Autarchia | Sapessi com’è strano piantare un orticello a Milano

Da qualche tempo, la città mi va stretta. Mi sento come il Marcovaldo di Calvino, oppresso dalla vita urbana, che si strugge per la lontananza dalla campagna, non può fare legna né raccogliere funghi, né allevare animali. Ricerco corsi sui fiori e sulle piante eduli (niente ai corsi del Tempo Libero patrocinati dal Comune di Milano, eppure c’è questo che francamente mi pare meno utile), mi ostino a dire che il mio cane ha un ottimo istinto allo scavo e sarebbe un perfetto cane da tartufi, e mi lamento a voce alta di non avere un posto dove allevare le galline.

Mentre in passato ho sempre considerato con benevola indulgenza gli zii che, prossimi alla pensione, allestivano un piccolo orto dietro casa e investivano di amore paterno ogni singola zucchina o cespo di lattuga, ora avverto con intensità crescente l’urgenza di tornare alla terra. Per fortuna è un percorso condiviso, il mio compagno ripete come un mantra che deve “piantare la vite” qua e là (tentativi svolti finora: 1. Tentativi conclusisi con il disseccamento istantaneo del ramo: 1).

A quanto pare non siamo i soli a sentire il richiamo della foresta: il Comune di Milano affida ai cittadini anziani che ne facciano richiesta piccoli lotti di terreno dove allestire un orto – e spesso sono poi gli entusiasti nipoti ad occuparsene –: sono in tutto 430 appezzamenti, altri 120 li concede A2A, altri ancora sono messi in affitto da privati.

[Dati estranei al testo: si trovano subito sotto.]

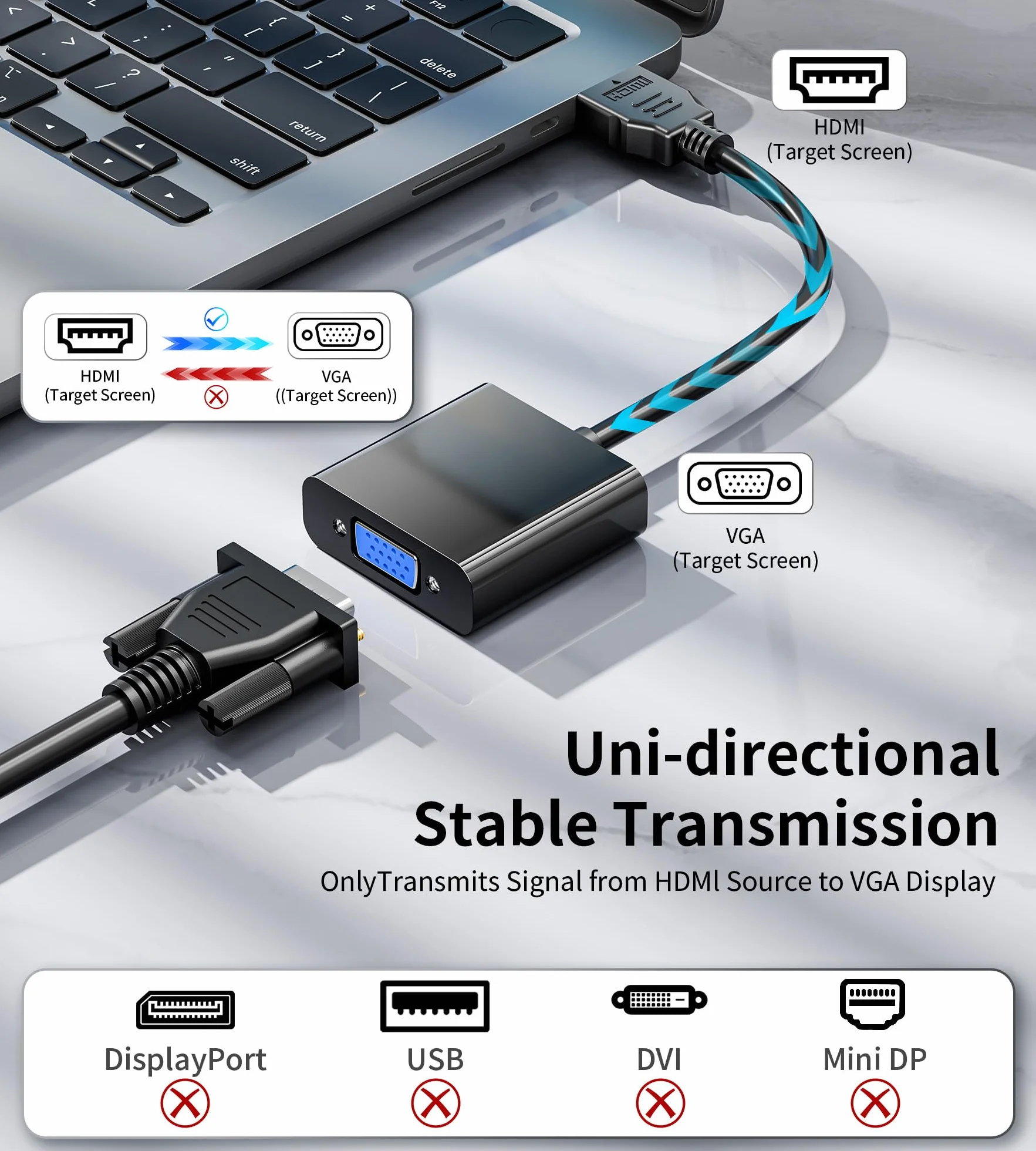 BHHB HDMI na VGA, jednokierunkowy adapter HDMI do monitora VGA (wtyczka na gniazdo), kabel HDMI do VGA, kompatybilny z monitorem komputerowym, laptopem, projektorem, HDTV, Chromebookiem, Raspberry Pi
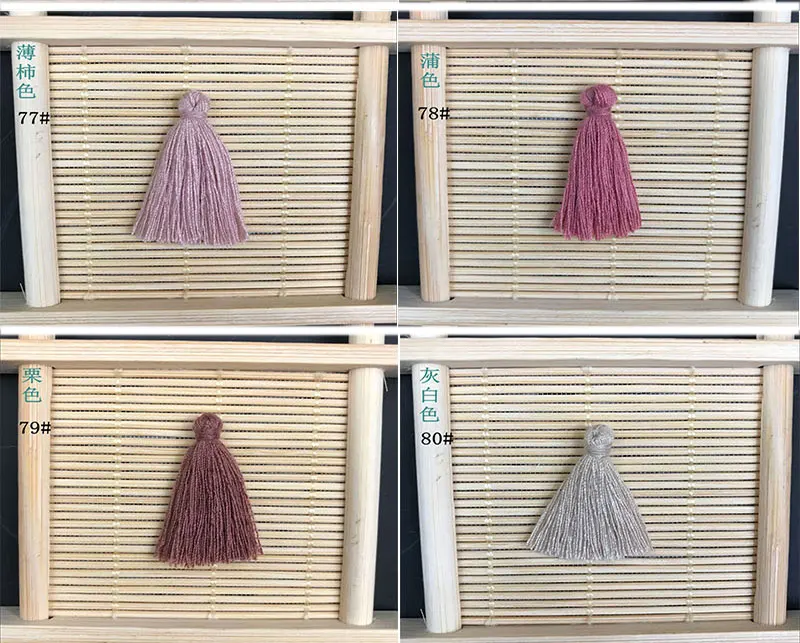 100PCS 3CM Mini Cotton Thread Fabric Tassel DIY Pendant Jewelry Key Making Fringe Trim Craft Tassels Sewing Accessories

Poi ci sono gli ortisti abusivi e il Signor Chen è in assoluto il mio preferito, guardate qua:

oppure il guerrilla gardening, e gruppi di appassionati in rete che si scambiano idee e consigli per fare prosperare l’agricoltura urbana, come questi .

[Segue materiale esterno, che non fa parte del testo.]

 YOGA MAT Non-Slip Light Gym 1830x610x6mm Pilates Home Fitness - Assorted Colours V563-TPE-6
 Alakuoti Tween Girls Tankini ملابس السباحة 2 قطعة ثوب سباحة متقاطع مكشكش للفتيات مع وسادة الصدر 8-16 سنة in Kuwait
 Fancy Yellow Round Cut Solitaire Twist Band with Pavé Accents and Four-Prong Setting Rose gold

Okay, l’orto non è esattamente una rivoluzione, che c’è di nuovo? Un po’ lo scopo: risparmiare su frutta e verdura è solo uno degli elementi dell’equazione – tra affitto, materiali e tempo da dedicare, il risparmio tende ad assottigliarsi. Ci sono altre ragioni: la sensazione del controllo su ciò che si mangia, il piacere della manualità, la nostalgia di un’alimentazione meno imparentata con l’industria, la volontà di “contaminare” il cemento con il verde.

A prima vista, è un movimento che guarda indietro, a quando l’autoconsumo era un elemento fondamentale dell’economia. In effetti però molti dei movimenti sul cibo che ci hanno conquistato negli ultimi anni hanno un vago sapore “retrò” – Slow Food per prima. Forse il desiderio di autoprodurre può essere il passo ulteriore rispetto al cucinare da sé, mangiando cibi non industriali. Michael Pollan, che ha scritto i bellissimi “Il Dilemma dell’Onnivoro” e “In difesa del cibo” dice: “Mangia tutto il cibo spazzatura che desideri se lo hai cucinato tu” (Mi mettereste la ricetta per farsi il Bounty a casa nei commenti per favore?) e “Non mangiare niente che tua nonna non riconoscerebbe come cibo”.